Although there is an increase in early diagnosis of RCC, metastasis is
detected at the time of initial diagnosis in almost one third of
patients.20 It should be kept in mind that as the RCC
tumor size increases, the possibilities of detecting metastases and the
development of metastases in the future are higher.21In localized RCC, after a surgical treatment, metastases are detected in
30% of patients in the later stages.22 In our study,
there was no significant difference between pre-COVID-19 period and the
COVID-19 period in terms of tumor sizes in the imaging. Metastasis was
not detected in 418 (91.5%) patients in the imaging methods performed
at the time of diagnosis. However, distant organ metastases were
detected in 39 (8.5%) patients. There was a significant difference
between two study periods in terms of metastases detected in the
pre-operative imaging (21 (13.1%) vs 18 (6.1%) patients, in groups 1
and 2, respectively). Although the numerical values of metastatic
patients were close to each other in both study periods, the rate of
metastatic patients was higher in the COVID-19 study period due to the
lower number of operated patients in that period. We think that this is
because patients applied due to metastasis-related symptoms.

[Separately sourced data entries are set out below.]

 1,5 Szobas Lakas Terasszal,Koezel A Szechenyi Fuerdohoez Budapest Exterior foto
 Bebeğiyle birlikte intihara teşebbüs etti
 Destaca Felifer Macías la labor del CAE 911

In their study of RCCs smaller than 4 cm Uzosike et al. found that the
mean tumor size increased by 0.09 cm per year during delayed treatment
in RCC. They also reported that the increase was 0.54 cm in the group
followed for less than 6 months, 0.07 cm in the group followed for more
than 1 year. Moreover, no metastatic disease developed in any patient,
no significant difference was found in growth rates, and the variability
of tumor growth rates decreased over time.23 In
Uzosike et al.’s study, the tumor sizes increased more in the group of
patients followed for less than 6 months, and therefore, earlier surgery
was performed instead of follow-up in these rapidly growing tumors,
therefore we believe that their grouping was not homogeneous. Doughtery
et al. found the rate of metastasis at the time of diagnosis to be 4%
in RCC below 5 cm. They reported that tumor size is the main factor in
decision making, but the risk of metastasis is different for each mass
depending on the tumor histology.24 Kim et al.
compared waiting periods of less than 3 months and less than 1 month in
RCC over 7 cm and concluded that there was no difference between the two
groups in terms of overall survival and disease-related survival.

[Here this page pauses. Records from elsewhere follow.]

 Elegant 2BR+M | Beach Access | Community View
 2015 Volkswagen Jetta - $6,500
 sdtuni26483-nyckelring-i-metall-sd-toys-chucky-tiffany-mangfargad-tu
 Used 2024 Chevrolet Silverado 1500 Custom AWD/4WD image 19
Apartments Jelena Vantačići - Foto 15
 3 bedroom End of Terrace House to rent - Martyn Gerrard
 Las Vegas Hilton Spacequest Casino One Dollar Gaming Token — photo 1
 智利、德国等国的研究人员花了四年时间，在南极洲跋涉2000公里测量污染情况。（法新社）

Although it was not significant, they found the pathological upstage to
be higher in the group with a longer waiting period. However, they
excluded patients who waited longer than 3 months.25In the literature, most studies were retrospective and clinicians seem
to be more selective and turn to early surgery for RCC patients who
appear to have more aggressive and fast-growing tumors.